Analysts say in its current form the fund would not be enough to rescue both Spain and Portugal if they bow to debt market pressure and seek aid.
Portugal will need an EU-led bailout at some point similar to those handed out to Ireland and Greece last year, according to a large majority of economists polled by Reuters earlier this month. Seven of 51 said Spain would also seek help.
Eurozone finance ministers will discuss an increase to the fund's effective lending capacity, though France said it would be March before a firm plan was in place.
"We believe the meetings are unlikely to deliver any new resolution at this stage, given the complexity of the issues involved," said RBS economist Silvio Peruzzo in a research note.
Any decision is likely to be postponed at least until a meeting of EU government heads on Feb. 4, he said.
EXTENDING THE SCOPE
German Chancellor Angela Merkel, head of Europe's biggest economy, said last week her country would stand by the euro and do whatever was necessary to ensure it remains stable. On Monday, German Finance Minister Wolfgang Schaeuble ruled out bolstering the size of the fund in the near term.
French Economy Minister Christine Lagarde said on Friday governments were looking at increasing the rescue fund, as well as extending its scope to buy bonds directly on debt markets.
Proponents of government bond purchases say it could help pre-empt developments in the fight against contagion, instead of the fund springing to action only when a crisis has developed. It currently takes around 6-8 weeks for the fund to provide support from first request.

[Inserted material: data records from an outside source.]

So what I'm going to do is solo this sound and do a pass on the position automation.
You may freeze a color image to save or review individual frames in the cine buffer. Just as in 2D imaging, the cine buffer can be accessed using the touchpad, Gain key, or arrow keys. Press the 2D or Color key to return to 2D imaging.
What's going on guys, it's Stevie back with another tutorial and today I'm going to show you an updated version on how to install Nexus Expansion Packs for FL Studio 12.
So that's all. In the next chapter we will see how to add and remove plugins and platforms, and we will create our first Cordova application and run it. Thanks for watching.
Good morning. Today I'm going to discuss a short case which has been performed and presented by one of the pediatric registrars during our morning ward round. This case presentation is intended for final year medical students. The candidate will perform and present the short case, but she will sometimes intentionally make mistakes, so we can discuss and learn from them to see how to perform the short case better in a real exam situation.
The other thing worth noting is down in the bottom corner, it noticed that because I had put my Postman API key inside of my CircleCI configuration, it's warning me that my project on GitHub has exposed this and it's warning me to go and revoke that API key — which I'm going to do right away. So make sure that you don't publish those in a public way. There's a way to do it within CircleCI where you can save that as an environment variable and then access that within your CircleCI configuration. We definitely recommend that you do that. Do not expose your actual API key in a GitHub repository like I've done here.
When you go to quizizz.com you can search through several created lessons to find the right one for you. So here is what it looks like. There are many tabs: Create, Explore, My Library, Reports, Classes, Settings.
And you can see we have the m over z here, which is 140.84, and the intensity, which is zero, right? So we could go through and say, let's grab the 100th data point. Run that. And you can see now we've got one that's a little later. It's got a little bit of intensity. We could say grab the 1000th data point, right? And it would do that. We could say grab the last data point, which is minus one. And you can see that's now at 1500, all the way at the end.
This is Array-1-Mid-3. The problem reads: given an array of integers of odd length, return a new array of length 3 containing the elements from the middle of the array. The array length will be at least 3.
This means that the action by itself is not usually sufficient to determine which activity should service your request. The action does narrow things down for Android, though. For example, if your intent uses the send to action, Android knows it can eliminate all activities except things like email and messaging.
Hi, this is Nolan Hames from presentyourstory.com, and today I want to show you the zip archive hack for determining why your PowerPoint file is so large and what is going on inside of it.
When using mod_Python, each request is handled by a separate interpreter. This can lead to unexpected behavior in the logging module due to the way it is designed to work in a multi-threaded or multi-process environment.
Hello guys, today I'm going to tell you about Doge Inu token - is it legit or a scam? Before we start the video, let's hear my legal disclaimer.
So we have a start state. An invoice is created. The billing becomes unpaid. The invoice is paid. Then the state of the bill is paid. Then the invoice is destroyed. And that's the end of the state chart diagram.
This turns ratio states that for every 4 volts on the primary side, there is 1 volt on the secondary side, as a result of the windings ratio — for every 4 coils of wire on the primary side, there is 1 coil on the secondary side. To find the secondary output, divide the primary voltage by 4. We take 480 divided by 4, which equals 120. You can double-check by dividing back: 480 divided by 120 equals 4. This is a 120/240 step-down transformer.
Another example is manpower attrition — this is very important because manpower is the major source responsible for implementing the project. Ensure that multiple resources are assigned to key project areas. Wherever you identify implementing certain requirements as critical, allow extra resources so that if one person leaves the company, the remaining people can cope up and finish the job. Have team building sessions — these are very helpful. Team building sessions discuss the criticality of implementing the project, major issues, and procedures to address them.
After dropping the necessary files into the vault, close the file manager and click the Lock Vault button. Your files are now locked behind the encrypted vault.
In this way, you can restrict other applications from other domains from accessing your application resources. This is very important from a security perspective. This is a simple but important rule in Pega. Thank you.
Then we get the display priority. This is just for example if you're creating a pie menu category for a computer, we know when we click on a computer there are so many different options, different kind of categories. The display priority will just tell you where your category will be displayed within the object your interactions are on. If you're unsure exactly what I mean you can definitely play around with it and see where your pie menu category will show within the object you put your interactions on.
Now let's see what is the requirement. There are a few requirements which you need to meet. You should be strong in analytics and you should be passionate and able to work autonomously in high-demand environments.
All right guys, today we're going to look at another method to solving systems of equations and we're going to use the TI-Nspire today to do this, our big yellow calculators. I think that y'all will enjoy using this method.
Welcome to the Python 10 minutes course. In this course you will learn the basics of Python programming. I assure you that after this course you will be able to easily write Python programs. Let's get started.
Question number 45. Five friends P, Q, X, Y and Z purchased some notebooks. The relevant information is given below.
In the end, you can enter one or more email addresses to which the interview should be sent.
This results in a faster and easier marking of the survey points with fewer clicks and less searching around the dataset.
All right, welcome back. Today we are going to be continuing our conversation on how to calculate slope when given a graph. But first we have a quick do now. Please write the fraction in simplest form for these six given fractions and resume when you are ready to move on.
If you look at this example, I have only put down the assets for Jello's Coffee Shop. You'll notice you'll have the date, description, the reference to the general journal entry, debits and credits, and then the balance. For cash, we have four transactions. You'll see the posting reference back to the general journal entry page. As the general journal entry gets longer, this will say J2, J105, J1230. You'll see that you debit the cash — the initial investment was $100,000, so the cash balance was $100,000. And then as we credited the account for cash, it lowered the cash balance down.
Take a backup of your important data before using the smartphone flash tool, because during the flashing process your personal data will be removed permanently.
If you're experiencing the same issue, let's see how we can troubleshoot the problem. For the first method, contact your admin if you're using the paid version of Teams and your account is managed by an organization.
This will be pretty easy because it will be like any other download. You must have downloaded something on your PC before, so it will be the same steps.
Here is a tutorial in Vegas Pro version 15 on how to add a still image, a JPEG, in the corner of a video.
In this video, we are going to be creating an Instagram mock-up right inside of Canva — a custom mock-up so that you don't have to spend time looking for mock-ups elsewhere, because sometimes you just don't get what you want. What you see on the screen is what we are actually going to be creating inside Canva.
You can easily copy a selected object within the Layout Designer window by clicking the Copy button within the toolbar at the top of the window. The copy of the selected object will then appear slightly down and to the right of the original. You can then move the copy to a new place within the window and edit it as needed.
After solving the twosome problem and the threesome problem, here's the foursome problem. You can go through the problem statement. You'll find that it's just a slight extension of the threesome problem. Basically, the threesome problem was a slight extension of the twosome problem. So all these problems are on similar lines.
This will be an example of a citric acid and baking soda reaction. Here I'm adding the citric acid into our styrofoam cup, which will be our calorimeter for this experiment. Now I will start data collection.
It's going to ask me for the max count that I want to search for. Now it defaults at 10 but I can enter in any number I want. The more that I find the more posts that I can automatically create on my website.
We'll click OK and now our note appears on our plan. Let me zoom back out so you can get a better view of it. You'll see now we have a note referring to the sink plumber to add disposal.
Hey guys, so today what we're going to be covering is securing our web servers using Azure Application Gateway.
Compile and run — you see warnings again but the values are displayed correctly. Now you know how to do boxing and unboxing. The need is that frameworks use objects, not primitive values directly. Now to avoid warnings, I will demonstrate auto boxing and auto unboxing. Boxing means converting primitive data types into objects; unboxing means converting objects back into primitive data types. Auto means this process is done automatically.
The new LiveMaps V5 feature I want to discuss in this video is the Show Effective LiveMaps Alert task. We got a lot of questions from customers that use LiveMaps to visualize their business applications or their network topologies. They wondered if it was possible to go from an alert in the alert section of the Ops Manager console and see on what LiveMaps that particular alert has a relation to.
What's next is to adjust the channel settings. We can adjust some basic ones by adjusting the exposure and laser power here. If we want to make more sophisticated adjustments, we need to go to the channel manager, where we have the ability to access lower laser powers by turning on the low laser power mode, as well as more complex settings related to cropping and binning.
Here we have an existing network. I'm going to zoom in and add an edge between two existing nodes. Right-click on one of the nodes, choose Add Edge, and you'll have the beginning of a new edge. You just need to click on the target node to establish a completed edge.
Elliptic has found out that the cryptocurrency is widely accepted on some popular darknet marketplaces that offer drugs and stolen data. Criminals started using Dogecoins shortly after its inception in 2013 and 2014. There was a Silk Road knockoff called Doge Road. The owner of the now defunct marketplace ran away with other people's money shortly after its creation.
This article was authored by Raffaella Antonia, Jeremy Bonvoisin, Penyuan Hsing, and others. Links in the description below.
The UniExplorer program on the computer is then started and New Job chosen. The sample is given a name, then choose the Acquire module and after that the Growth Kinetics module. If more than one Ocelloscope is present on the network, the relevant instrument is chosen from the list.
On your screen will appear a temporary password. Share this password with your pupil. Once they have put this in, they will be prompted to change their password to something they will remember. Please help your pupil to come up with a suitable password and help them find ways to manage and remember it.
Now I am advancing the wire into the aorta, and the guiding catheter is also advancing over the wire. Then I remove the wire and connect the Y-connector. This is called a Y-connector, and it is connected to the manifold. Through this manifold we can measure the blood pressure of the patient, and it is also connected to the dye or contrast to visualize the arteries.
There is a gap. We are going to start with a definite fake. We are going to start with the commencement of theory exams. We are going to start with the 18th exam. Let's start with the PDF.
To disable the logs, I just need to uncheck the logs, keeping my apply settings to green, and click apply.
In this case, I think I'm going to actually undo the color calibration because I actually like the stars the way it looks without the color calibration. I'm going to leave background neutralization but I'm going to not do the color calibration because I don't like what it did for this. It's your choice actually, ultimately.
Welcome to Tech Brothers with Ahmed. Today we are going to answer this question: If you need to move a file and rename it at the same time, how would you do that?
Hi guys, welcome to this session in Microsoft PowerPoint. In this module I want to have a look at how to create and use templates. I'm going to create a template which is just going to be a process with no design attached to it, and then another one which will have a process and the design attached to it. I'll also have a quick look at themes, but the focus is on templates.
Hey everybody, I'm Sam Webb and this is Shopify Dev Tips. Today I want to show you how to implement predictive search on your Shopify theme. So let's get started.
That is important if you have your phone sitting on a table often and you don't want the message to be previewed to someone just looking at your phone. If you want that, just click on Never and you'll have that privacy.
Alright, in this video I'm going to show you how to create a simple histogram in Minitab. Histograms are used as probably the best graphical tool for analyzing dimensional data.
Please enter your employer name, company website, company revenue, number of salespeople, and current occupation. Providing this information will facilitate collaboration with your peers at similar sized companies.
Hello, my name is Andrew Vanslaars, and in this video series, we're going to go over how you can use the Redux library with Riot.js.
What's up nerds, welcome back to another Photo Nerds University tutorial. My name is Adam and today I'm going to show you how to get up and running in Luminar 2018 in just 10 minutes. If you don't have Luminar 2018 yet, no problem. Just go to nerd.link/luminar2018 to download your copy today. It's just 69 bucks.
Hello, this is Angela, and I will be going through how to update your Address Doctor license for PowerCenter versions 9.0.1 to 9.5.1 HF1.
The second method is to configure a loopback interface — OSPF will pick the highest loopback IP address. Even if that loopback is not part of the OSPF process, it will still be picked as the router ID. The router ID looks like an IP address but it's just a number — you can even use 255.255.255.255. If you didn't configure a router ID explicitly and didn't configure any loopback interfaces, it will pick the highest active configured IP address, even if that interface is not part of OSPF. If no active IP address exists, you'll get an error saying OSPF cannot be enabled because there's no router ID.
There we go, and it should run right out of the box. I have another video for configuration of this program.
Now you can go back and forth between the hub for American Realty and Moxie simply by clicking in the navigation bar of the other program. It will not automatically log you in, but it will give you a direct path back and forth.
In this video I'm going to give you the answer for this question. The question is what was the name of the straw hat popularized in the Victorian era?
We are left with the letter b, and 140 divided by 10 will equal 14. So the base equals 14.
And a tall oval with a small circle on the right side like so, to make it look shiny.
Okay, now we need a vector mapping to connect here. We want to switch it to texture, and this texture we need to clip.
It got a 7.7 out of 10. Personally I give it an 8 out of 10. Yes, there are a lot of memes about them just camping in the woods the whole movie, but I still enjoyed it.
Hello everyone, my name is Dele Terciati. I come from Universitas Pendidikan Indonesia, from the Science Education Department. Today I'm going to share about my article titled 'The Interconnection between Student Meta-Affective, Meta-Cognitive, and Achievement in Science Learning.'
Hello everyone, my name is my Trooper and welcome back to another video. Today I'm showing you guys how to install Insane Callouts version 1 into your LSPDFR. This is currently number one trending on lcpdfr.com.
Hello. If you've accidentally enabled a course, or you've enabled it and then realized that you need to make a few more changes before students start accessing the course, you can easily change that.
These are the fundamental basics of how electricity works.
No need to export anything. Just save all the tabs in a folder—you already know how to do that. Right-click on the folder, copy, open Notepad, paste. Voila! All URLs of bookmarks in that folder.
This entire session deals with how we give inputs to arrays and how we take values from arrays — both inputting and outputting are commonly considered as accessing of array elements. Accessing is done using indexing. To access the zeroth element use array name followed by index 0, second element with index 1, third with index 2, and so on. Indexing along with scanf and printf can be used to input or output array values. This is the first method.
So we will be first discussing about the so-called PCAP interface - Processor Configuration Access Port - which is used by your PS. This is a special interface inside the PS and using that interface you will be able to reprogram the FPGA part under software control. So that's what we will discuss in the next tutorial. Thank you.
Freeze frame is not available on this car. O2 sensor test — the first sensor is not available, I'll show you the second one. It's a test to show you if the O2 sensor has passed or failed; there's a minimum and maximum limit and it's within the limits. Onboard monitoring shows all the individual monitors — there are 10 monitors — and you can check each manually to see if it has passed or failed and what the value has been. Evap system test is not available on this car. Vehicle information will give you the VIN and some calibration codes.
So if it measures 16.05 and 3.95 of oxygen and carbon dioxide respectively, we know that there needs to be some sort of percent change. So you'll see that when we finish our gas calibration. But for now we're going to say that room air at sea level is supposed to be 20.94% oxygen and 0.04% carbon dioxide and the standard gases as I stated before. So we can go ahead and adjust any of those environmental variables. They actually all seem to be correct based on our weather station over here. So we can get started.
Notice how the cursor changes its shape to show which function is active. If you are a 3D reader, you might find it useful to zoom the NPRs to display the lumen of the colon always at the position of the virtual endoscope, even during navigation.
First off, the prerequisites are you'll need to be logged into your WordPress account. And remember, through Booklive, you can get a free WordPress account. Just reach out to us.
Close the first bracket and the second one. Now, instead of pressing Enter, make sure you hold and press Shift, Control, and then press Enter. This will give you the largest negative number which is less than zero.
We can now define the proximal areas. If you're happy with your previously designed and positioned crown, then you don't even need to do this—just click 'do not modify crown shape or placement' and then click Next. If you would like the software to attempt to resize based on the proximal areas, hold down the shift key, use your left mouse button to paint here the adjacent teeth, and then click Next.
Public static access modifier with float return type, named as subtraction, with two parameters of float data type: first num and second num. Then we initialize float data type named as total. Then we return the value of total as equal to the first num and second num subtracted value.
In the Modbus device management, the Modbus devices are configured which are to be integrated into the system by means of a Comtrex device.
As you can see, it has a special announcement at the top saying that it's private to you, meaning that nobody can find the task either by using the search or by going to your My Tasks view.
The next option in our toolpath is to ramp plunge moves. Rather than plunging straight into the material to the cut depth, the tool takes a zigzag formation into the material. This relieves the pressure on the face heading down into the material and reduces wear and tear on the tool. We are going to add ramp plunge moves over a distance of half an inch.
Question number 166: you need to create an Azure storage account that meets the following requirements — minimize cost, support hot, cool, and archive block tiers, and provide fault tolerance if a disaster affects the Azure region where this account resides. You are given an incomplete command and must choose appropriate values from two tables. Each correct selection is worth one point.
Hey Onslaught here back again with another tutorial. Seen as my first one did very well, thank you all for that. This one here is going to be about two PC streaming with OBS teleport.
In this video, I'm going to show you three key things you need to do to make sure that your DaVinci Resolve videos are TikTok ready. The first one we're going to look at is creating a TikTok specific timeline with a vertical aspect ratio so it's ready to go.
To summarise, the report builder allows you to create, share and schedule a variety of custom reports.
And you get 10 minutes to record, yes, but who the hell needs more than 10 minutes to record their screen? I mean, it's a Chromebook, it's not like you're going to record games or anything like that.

Respondents in the poll said the EFSF has been moderately effective, scoring it a median of six where one was least effective and ten highly effective. Answers ranged from two to eight.
The fund is expected to make its debut debt issue this week, and if it draws robust demand it would give some support to peripheral debt, traders said on Monday. Portugal and Spain both held relatively successful bond auctions last week, but were forced to offer interest rates well above those seen at previous auctions.